Work order:
Would you write out the records below exactly as given?

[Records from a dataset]
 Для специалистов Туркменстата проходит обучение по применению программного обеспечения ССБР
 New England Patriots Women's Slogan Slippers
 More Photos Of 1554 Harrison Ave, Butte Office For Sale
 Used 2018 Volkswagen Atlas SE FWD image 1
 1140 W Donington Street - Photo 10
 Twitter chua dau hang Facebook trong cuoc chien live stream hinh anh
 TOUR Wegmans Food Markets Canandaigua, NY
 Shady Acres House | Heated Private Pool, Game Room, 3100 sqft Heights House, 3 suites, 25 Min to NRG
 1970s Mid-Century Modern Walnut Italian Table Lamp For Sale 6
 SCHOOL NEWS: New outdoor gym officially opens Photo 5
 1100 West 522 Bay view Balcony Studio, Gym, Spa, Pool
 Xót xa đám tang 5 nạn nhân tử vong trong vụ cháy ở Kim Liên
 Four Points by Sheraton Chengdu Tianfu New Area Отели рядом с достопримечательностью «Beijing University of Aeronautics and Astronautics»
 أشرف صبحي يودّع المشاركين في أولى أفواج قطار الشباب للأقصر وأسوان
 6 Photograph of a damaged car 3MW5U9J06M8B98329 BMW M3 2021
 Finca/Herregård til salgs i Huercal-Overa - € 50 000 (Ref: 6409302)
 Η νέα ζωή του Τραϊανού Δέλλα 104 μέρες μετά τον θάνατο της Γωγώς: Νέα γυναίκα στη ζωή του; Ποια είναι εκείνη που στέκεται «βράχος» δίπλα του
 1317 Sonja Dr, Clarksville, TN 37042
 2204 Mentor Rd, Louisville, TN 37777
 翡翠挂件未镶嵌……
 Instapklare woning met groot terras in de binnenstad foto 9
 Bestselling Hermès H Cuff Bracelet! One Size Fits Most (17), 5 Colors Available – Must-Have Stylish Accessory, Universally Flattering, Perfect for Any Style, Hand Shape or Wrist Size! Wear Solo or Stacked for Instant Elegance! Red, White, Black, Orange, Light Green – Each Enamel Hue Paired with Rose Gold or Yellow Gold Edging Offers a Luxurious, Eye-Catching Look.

Exercise result:
 Для специалистов Туркменстата проходит обучение по применению программного обеспечения ССБР
 New England Patriots Women's Slogan Slippers
 More Photos Of 1554 Harrison Ave, Butte Office For Sale
 Used 2018 Volkswagen Atlas SE FWD image 1
 1140 W Donington Street - Photo 10
 Twitter chua dau hang Facebook trong cuoc chien live stream hinh anh
 TOUR Wegmans Food Markets Canandaigua, NY
 Shady Acres House | Heated Private Pool, Game Room, 3100 sqft Heights House, 3 suites, 25 Min to NRG
 1970s Mid-Century Modern Walnut Italian Table Lamp For Sale 6
 SCHOOL NEWS: New outdoor gym officially opens Photo 5
 1100 West 522 Bay view Balcony Studio, Gym, Spa, Pool
 Xót xa đám tang 5 nạn nhân tử vong trong vụ cháy ở Kim Liên
 Four Points by Sheraton Chengdu Tianfu New Area Отели рядом с достопримечательностью «Beijing University of Aeronautics and Astronautics»
 أشرف صبحي يودّع المشاركين في أولى أفواج قطار الشباب للأقصر وأسوان
 6 Photograph of a damaged car 3MW5U9J06M8B98329 BMW M3 2021
 Finca/Herregård til salgs i Huercal-Overa - € 50 000 (Ref: 6409302)
 Η νέα ζωή του Τραϊανού Δέλλα 104 μέρες μετά τον θάνατο της Γωγώς: Νέα γυναίκα στη ζωή του; Ποια είναι εκείνη που στέκεται «βράχος» δίπλα του
 1317 Sonja Dr, Clarksville, TN 37042
 2204 Mentor Rd, Louisville, TN 37777
 翡翠挂件未镶嵌……
 Instapklare woning met groot terras in de binnenstad foto 9
 Bestselling Hermès H Cuff Bracelet! One Size Fits Most (17), 5 Colors Available – Must-Have Stylish Accessory, Universally Flattering, Perfect for Any Style, Hand Shape or Wrist Size! Wear Solo or Stacked for Instant Elegance! Red, White, Black, Orange, Light Green – Each Enamel Hue Paired with Rose Gold or Yellow Gold Edging Offers a Luxurious, Eye-Catching Look.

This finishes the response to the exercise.